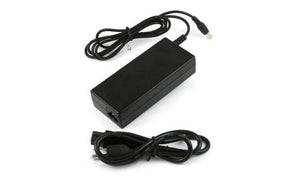 ZD410D/ZD420C KIT POWER SUPPLY adaptador e inversor de corriente Interior 75 W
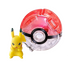 Pokémon Boll Pikachu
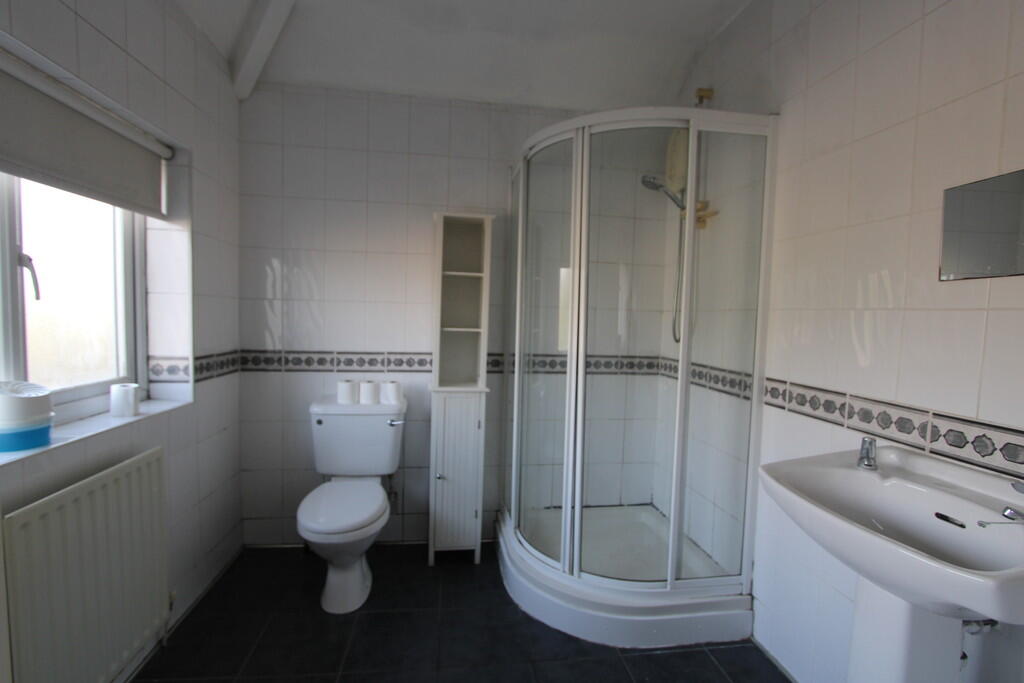 Additional image 22 of Station Road, Marston Green, Birmingham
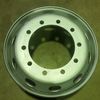Truck Rim to suit Japanese trucks UD Isuzu Mitsubishi
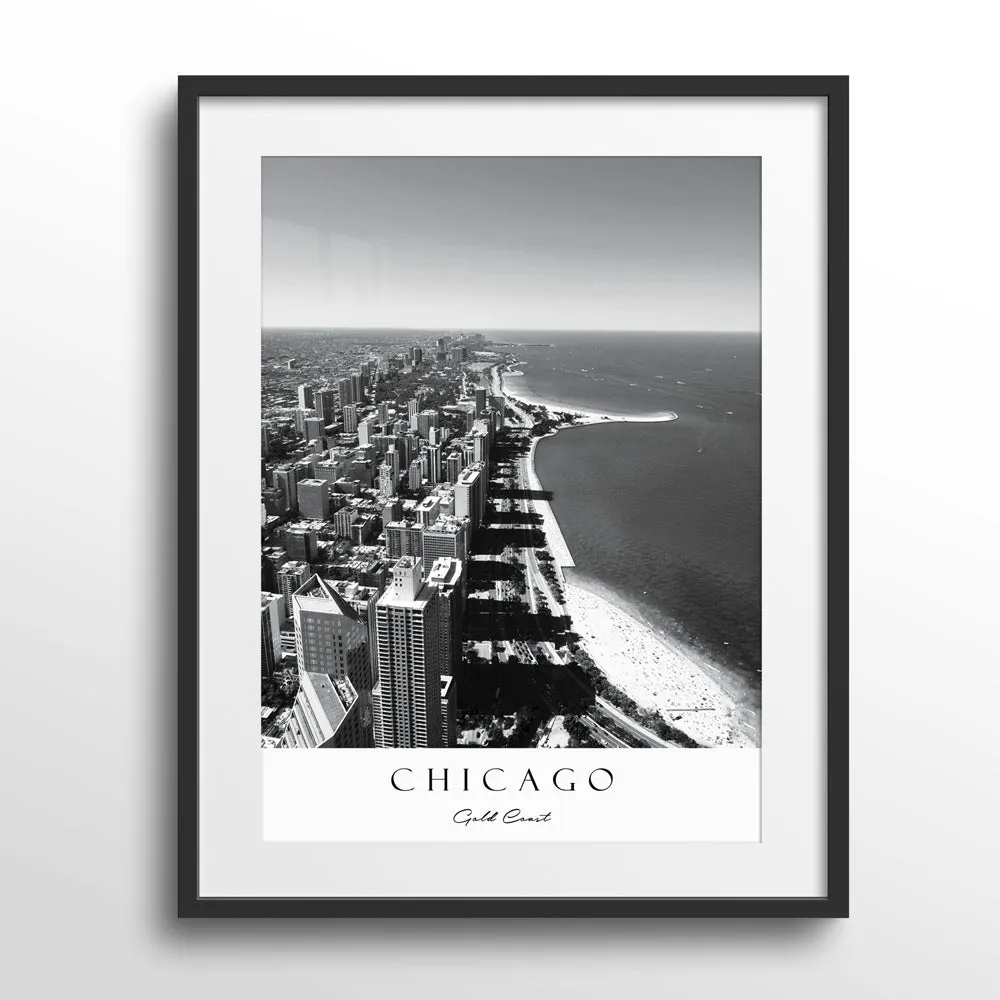Chicago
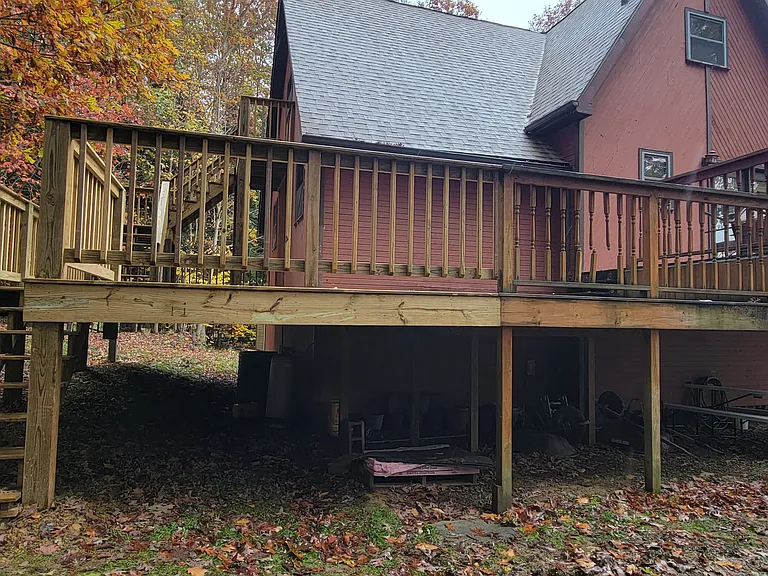 278 Forest Rd — Photo 33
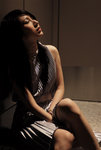 DSC_7521_1_web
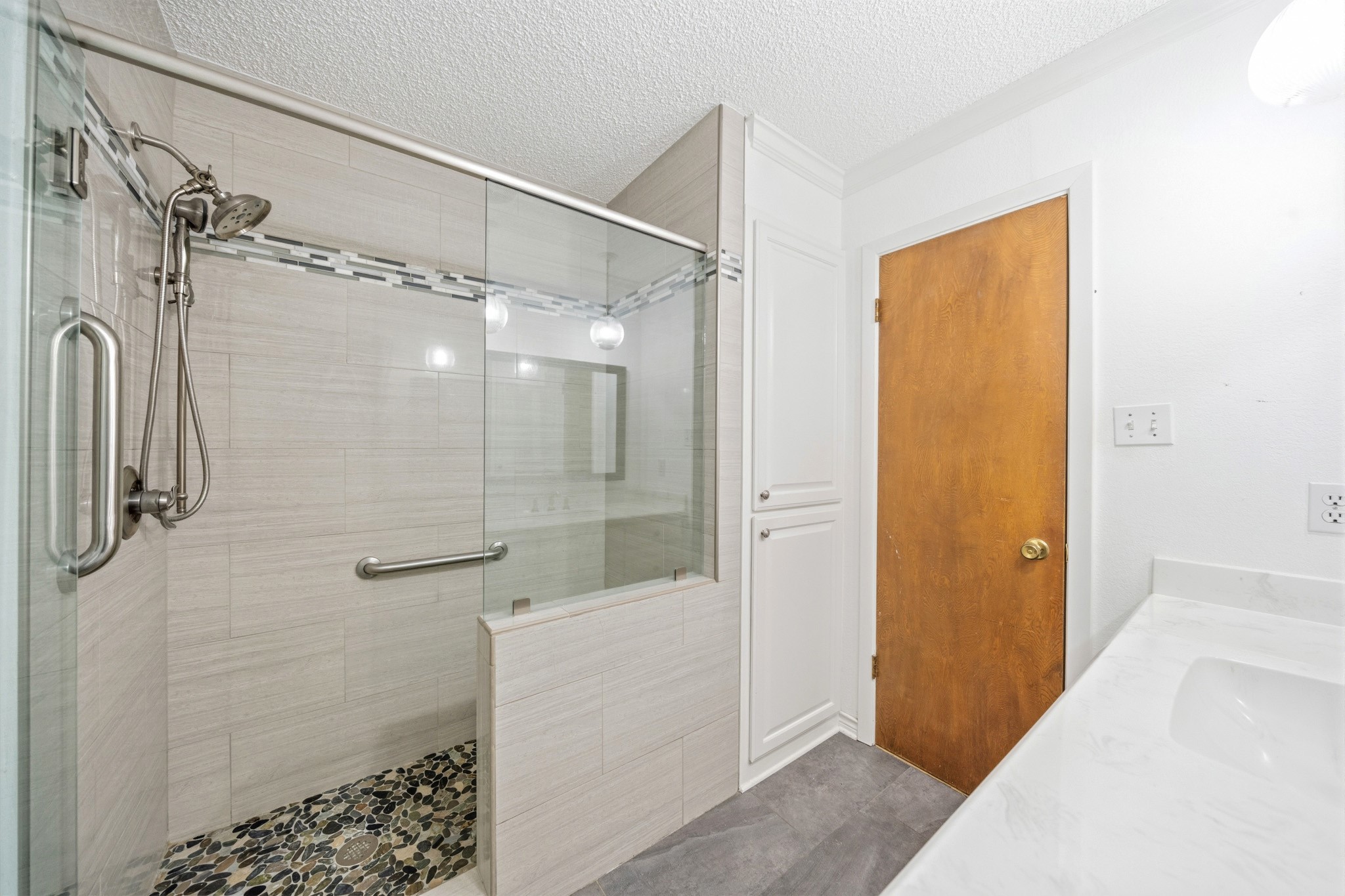 401 Briarfield Street Hewitt TX 76643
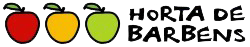 logo-hori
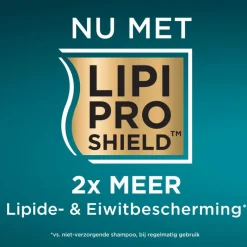 Discount OGX Argan Oil Of Morocco Shampoo 385 ML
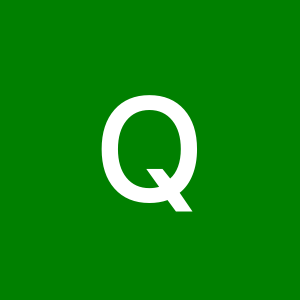 Profile photo of Quinley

========

_YOUR TASK_. Pictures stay out; reproduce every line of the records exactly.

_TASK ANSWER_.
 ZD410D/ZD420C KIT POWER SUPPLY adaptador e inversor de corriente Interior 75 W
 Pokémon Boll Pikachu
 Additional image 22 of Station Road, Marston Green, Birmingham
Truck Rim to suit Japanese trucks UD Isuzu Mitsubishi
Chicago
 278 Forest Rd — Photo 33
 DSC_7521_1_web
 401 Briarfield Street Hewitt TX 76643
 logo-hori
 Discount OGX Argan Oil Of Morocco Shampoo 385 ML
 Profile photo of Quinley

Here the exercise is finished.